也就在救下他之後的幾秒,在場才有人認出來她便是傅雲姝,因此會場猛然炸鍋,閃光燈此起彼伏。
傅雲姝感受到傅松言的不自在。
因此在衆多攝像頭之下,她還是将他的手牽起來,一根一根地扣緊。
傅雲姝:“你想體驗一把刺激的嗎?”
傅松言沉浸在十指相扣的悸動中:“什麼?”】
雲姝牽着傅松言的手,穿過人群和高舉的攝像頭,有些艱難地從會場逃出來。
遠離此起彼伏的“傅總”聲潮之後,兩個人像逃難似的出現在了大街上,感受着夏夜裡帶着燥熱溫度的晚風。

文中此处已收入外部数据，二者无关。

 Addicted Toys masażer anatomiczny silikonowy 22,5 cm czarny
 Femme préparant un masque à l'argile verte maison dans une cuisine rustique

時間有些晚了,路上沒什麼人在走路,但路邊攤還很熱鬧。
“……你和别的人牽過手嗎,雲姝?”
傅松言低頭看了眼自己始終被雲姝攥着的手。
雖然劇情裡說了十指扣緊沒錯。
但應該沒有到需要捏到她指尖發白的程度吧。
他輕輕掙紮了一下,無果。
雲姝正在路邊打110,挂斷後才後知後覺地跟着他的視線往下看,猛然松開手。
“沒牽過手就要被你這麼嘲笑?”現實被人戳穿,她有些破防,但很好地掩蓋住了。“就你有經驗,你好厲害,好會牽手哦,要給你頒個獎嗎?”
傅松言被她突然一套組合拳打得腦子懵住了。
好半天,他才反應過來。
“炮仗。”
一點就炸。
他先是笑了一聲,混合着燥熱的晚風和路邊攤交雜繁複的聲音,傳到雲姝耳朵裡。
雲姝:“?”
她張了張嘴。
就聽到對方像是不經意間的解釋了一句:“我沒經驗。”
頓了頓,又慢吞吞地把手擡起來,像她展示手背上淺淺的紅痕:“如果比你厲害就是厲害的話,那我應該還挺厲害的。”
雲姝:“……”
她移開視線,想把手揣兜裡掩飾尴尬,但她今天這一身并沒有兜。
于是氣氛變得更尴尬了。
她果斷轉身往前走,一邊小聲逼叨:“金貴,正常牽手也能給你捏紅。”
“正常嗎?”
“正常啊。”
傅松言坦然地把手遞過來:“你再表演下。”
雲姝:“?”
她擡起手就給對方的爪子打下去:“你别以為我不知道你就是想吃我豆腐。”
傅松言:“?我不吃虧嗎?”
雲姝冷笑:“你老實說吧,這輩子是不是還沒牽過像我一樣的美女的手。”
傅松言:“……”
那雙狐狸眼彎起來,雲姝就這麼看着他忽然跟抽風了似的笑起來。
他的眼底折射着路邊的街燈,顯得他整個人都分外輕松愉悅。
即使對方有一張帥臉,雲姝也忽然好嫌棄。
她戳了戳他:“你吃飯了嗎?我請你吃飯吧,你能别笑了嗎,我好害怕。”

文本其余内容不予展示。